We've had some serious gardening lessons this summer.
- Plant blight-resistant tomato varieties, and if you see black spots on a plant, pull it up immediately.
- When you break virgin sod for new garden space, don't plant potatoes there for a couple of years.
- If summer is warm and wet, be prepared to lose a lot of veggies, no matter how careful you are.
Here's the story:
We spent hours poring over seed catalogs to pick just the right varieties of tomatoes this season. One for canning, one for drying, and a few ultra-early ones. One of our crop strategies is to plant some strains of veggies that are cold-weather tolerant and early producers. The idea being that we can get at least some of our harvest in sooner, in case of drought or other garden trouble. So we chose
Beaverlodge from Territorial Seeds, and also planted a few Siberians from the neighbor.

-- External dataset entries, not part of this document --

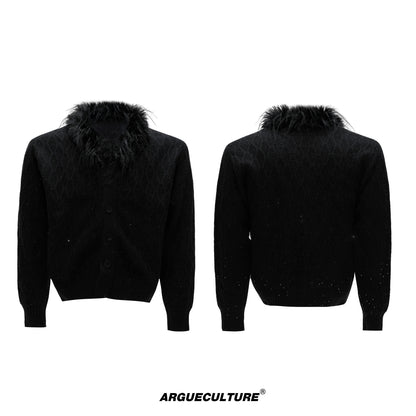 Sequin Fur Collar Cable Knit Cardigan WN21746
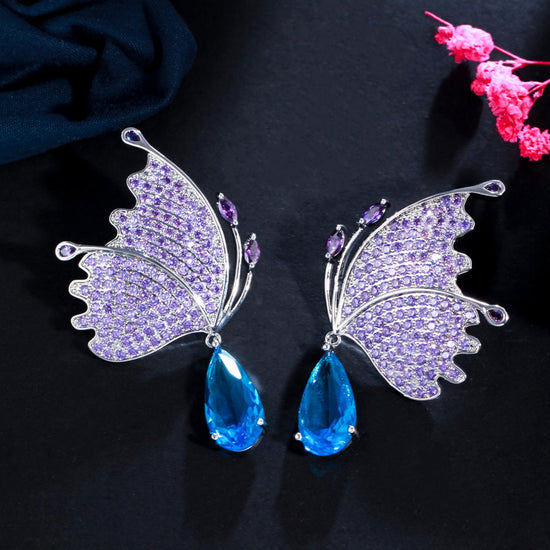 Load image into Gallery viewer, Micro Pave Purple Cubic Zirconia Stone Dangle Drop  Butterfly Wing Earrings
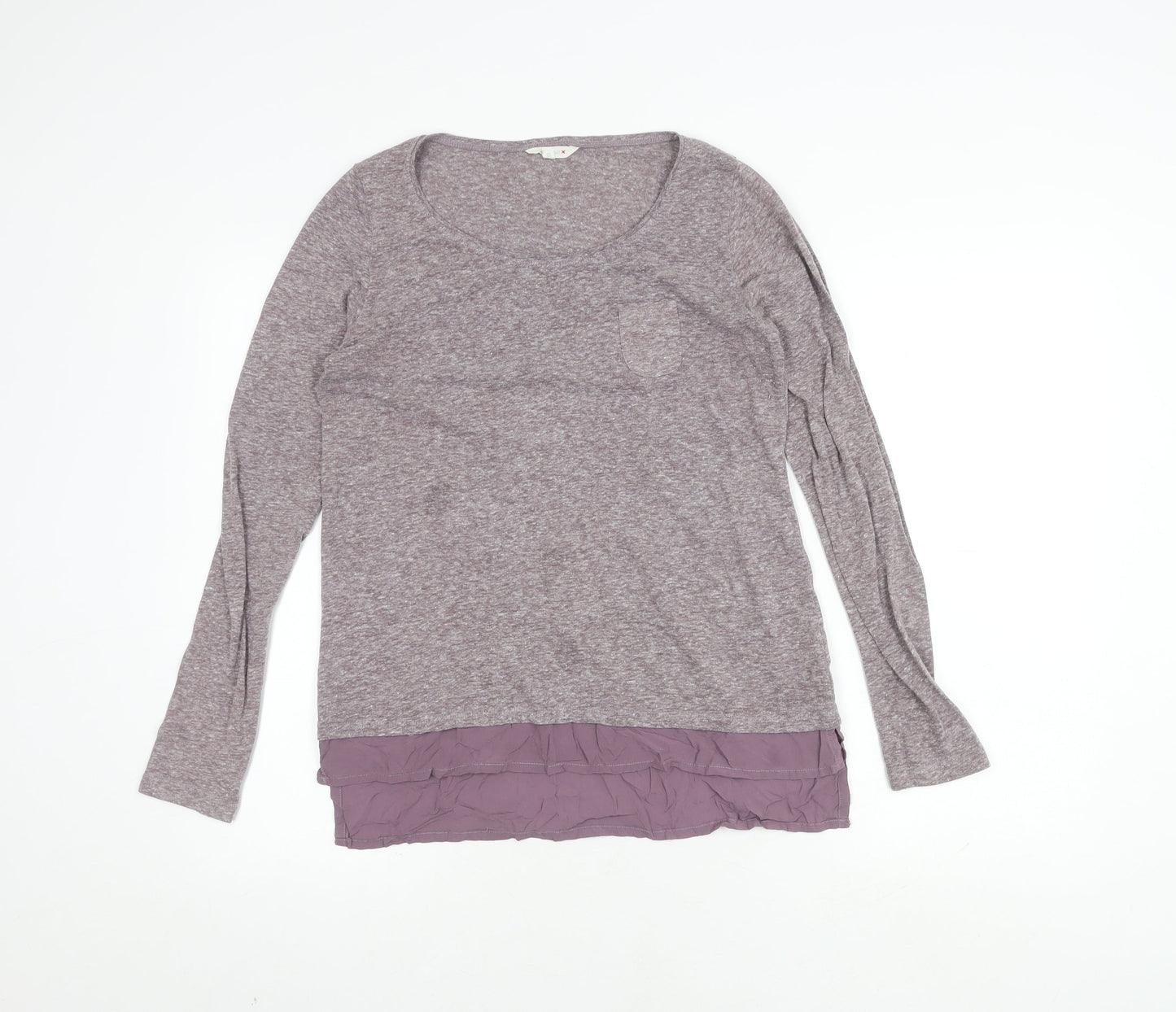 White Stuff Women's Purple Long Sleeve Scoop Neck Top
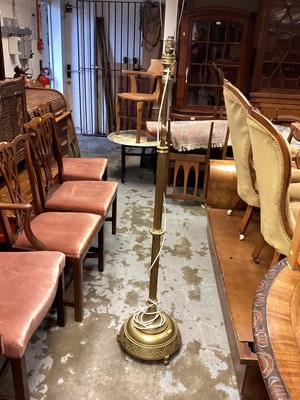 Lot 1457 - Victorian brass adjustable standard lamp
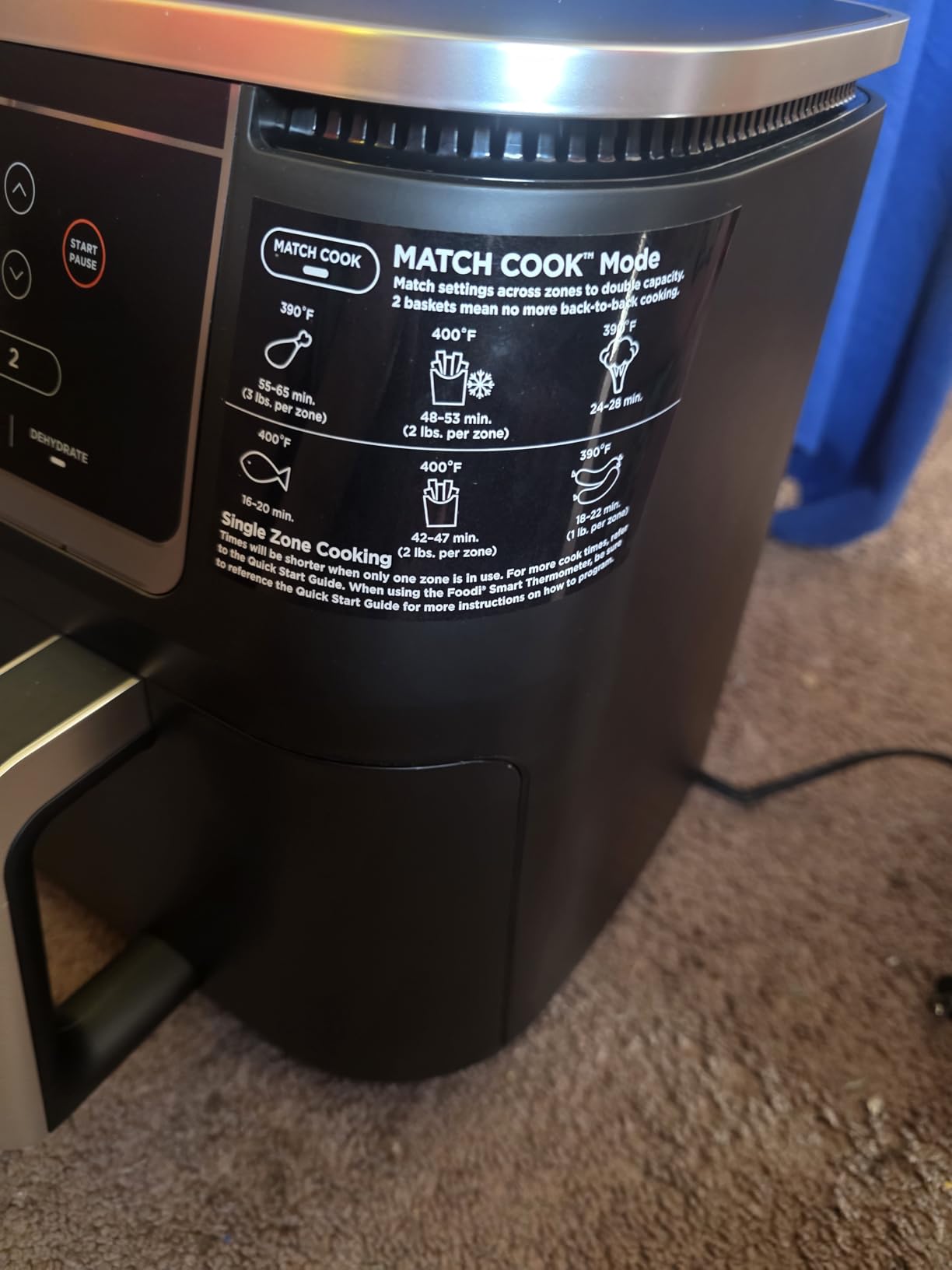 Ninja DZ201 Foodi 8 Quart 6-in-1 DualZone 2-Basket Air Fryer with 2 Independent Frying Baskets, Match Cook & Smart Finish, Grey customer photo 2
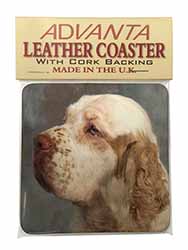 Clumber Spaniel Dog Single Leather Photo Coaster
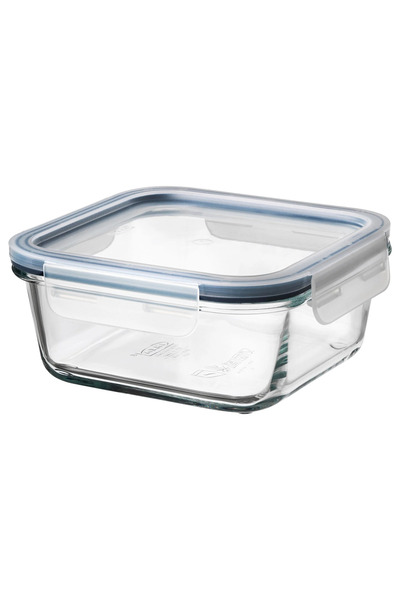 IKEA Cam Saklama Kabı Plastik Kapaklı 600 mL 15x15x7 cm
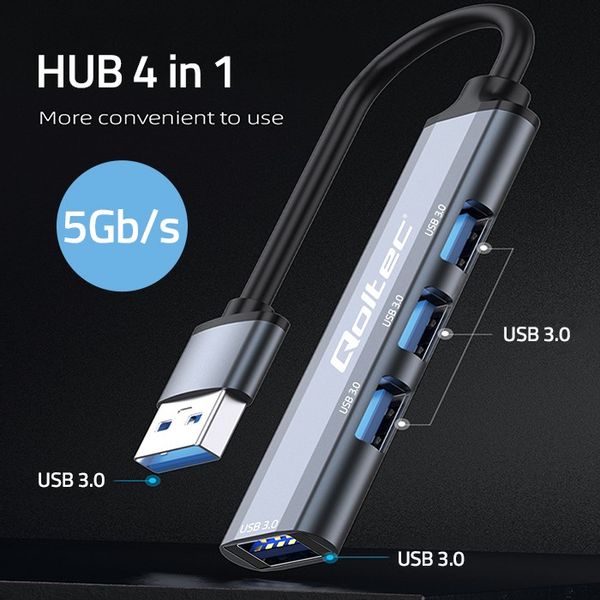 Qoltec Hub Adapter USB 3.0 4w1| 4x USB 3.0 zdjęcie 2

Across the garden path, we tilled up more yard to make what would become the potato patch. Encouraged by the tasty spuds we grew last year, we picked out an early red and a later russet, and planted 15lbs of seed taters. Everything was growing gangbusters, the Beaverlodge set fruit incredible early, the red
potatoes came out of the ground perfect and yummy. Then the rains came. Not just any rain, but warm monsoon-type rains. Soon after we noticed a couple of potato plants with black spots on the leaves, but since it didn't seem to spread, we assumed it wasn't the dreaded blight we'd heard so much about. Most tales of blight involve nearly overnight ruination, plants and spuds turning to black mush right before your eyes. So we pulled the plants out just in case, and thought nothing of it.

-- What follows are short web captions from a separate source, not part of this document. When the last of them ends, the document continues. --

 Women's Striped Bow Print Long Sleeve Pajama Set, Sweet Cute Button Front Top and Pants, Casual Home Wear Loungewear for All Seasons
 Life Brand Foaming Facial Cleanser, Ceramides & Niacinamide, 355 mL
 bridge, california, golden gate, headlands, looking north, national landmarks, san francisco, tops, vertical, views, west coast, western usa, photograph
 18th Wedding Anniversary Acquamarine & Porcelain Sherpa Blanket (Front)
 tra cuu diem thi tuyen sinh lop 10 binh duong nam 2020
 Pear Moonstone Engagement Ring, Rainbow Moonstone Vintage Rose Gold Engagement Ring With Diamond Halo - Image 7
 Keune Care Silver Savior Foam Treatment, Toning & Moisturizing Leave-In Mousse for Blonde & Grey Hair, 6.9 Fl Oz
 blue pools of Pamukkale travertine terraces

Until more rain seemed to bring on the black-spot in the Beaverlodge row. We thought it still couldn't be
"the blight", and waited & watched. Well it was the blight, or one of its many variations. It spread quickly, and the continued rainy weather wasn't letting the millions of green tomatoes ripen anyway. Some tomato varieties held out longer than others, but even now, the last row of Polish paste tomatoes is a lost cause. They'll be pulled up like the rest.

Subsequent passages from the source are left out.